Friday, April 11, 2008

Your Majesty, You've Done It Again!

There is a real-estate guy standing outside my window. He’s taking pictures of the building across the street. It’s for sale. It is an ugly one-story garage building. He envisions a cheaply constructed ten-story glass-and-steel ant-farm full of rich people rising in its place.

I'm not sentimental, but when that building is erected, it will block all of the natural light to my little first-floor apartment behind the garbage cans that I'm currently struggling to keep up with the modest rent on.

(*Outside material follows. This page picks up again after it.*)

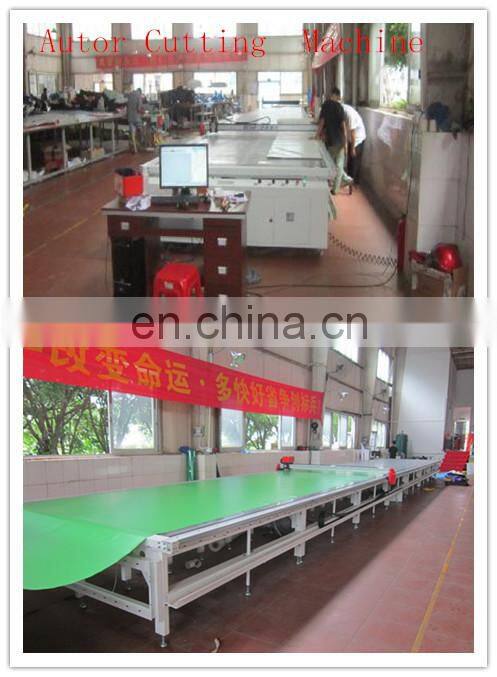 Kids Inflatable PVC Swimming pool with plaform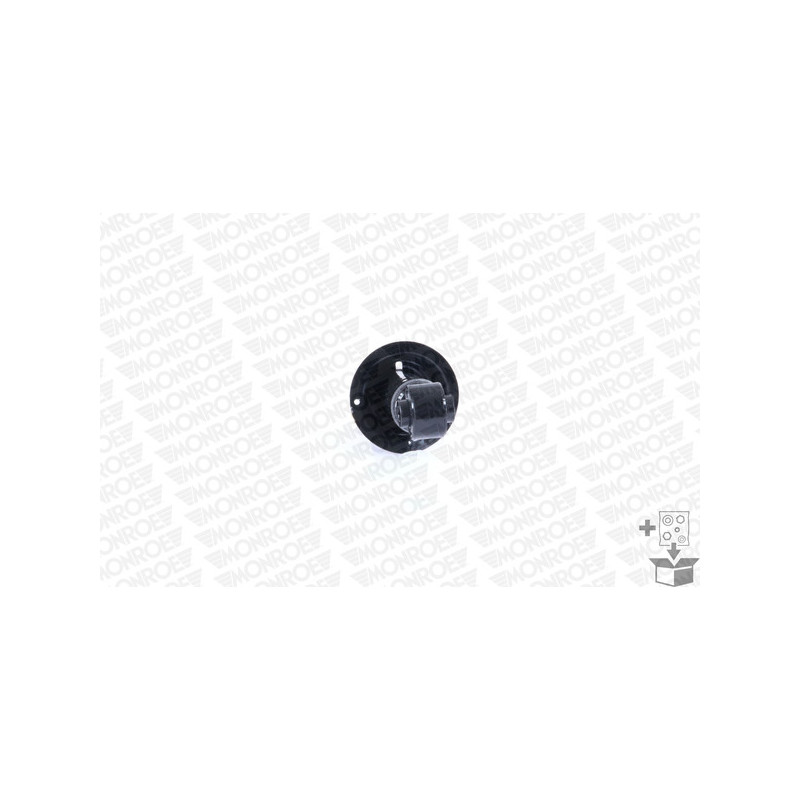 Amortisseur (à l'unité) MONROE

And I don't look forward to looking out my window or stepping outside every day with no choice but to look into the 1,000 square-foot lives of the poor suckers, eyes wide with optimistic hip urban home ownership, who've mortgaged their future to keep up with the cool kids as every month their income stagnates, their Ikea furnishings fade from fashion and their flat-screen goes on the fritz, the poorly riveted steel frame of the building begins to buckle and the half-inch thick caulk joints around the windows begin to peel until they sell it at a loss or rent it out to hard-partying college kids bankrolled by their parents.

That might sound pessimistic, but it isn't unrealistic. This is New York City, after all. It's not like it hasn't happened.

The real-estate guy doesn't waste time on such thoughts.

He doesn’t realize it, but he bears a striking physical resemblance to his paternal grandfather’s great-grandfather, who was personal valet to Ferdinand Bourbon, King of Naples.

His ancestor had made his fortune by stealthily taking a gold coin from atop His Majesty’s dressing table every morning, and through sleight of hand creating the impression that he'd just removed it from the freshly used Royal bedpan declaring, “You’re Majesty, you’ve done it again!” before carrying the steaming tray of Royal crap through the echoing baroque marble hallways and emptying it into the water closet.

Every morning for ten years.

Ferdinand, an appreciator of both flattery and innovative fecal humor, adopted the habit of allowing his faithful manservant to keep the coins as a tip until the summer of 1820 when, as the pressures of the revolt by Pepe and his Carbonari , with his own army mired down in Sicily no less, and his exclusion from the Congress of Troppau led to the erosion of both his fortunes and his sense of humor he responded one morning by growling, “Clean it off and put it back.”

Sensing the end of the party, within months the real-estate guy's ancestor had abandoned his family in the dark of night with a ticket in his pocket for first-class passage to New York, where he changed his name, reaped a bonanza in the stock market and married into High Society.

We'll see if this douchebag manages to cash out in time.